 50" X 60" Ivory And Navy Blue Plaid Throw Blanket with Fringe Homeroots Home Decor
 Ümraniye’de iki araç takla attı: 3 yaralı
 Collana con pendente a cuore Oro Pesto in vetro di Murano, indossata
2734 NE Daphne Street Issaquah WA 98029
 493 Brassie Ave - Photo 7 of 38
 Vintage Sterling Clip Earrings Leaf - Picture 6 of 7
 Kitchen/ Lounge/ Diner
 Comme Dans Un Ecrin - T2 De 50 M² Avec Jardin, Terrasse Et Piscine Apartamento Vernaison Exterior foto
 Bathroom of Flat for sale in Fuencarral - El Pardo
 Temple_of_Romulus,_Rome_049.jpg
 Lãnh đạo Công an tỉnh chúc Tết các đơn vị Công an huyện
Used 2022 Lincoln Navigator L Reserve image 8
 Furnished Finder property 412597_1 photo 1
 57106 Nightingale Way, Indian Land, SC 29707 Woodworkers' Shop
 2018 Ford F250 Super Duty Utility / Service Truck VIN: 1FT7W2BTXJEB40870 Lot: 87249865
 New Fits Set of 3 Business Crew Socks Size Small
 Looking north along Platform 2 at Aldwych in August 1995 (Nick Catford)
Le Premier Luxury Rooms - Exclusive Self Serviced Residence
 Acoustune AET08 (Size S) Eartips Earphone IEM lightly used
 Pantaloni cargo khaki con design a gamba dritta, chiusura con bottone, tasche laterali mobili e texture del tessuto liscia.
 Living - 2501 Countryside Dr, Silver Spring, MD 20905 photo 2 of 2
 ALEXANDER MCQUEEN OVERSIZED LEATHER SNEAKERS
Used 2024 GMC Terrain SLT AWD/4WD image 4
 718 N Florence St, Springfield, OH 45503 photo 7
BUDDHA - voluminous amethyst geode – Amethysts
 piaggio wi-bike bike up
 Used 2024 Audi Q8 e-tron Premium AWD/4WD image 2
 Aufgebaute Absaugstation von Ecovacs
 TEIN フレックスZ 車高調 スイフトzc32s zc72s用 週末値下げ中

▸ Exercise description: Looking at the records above, say how many lines contain the string "image". Give the number and no other words.

▸ Problem solution: 3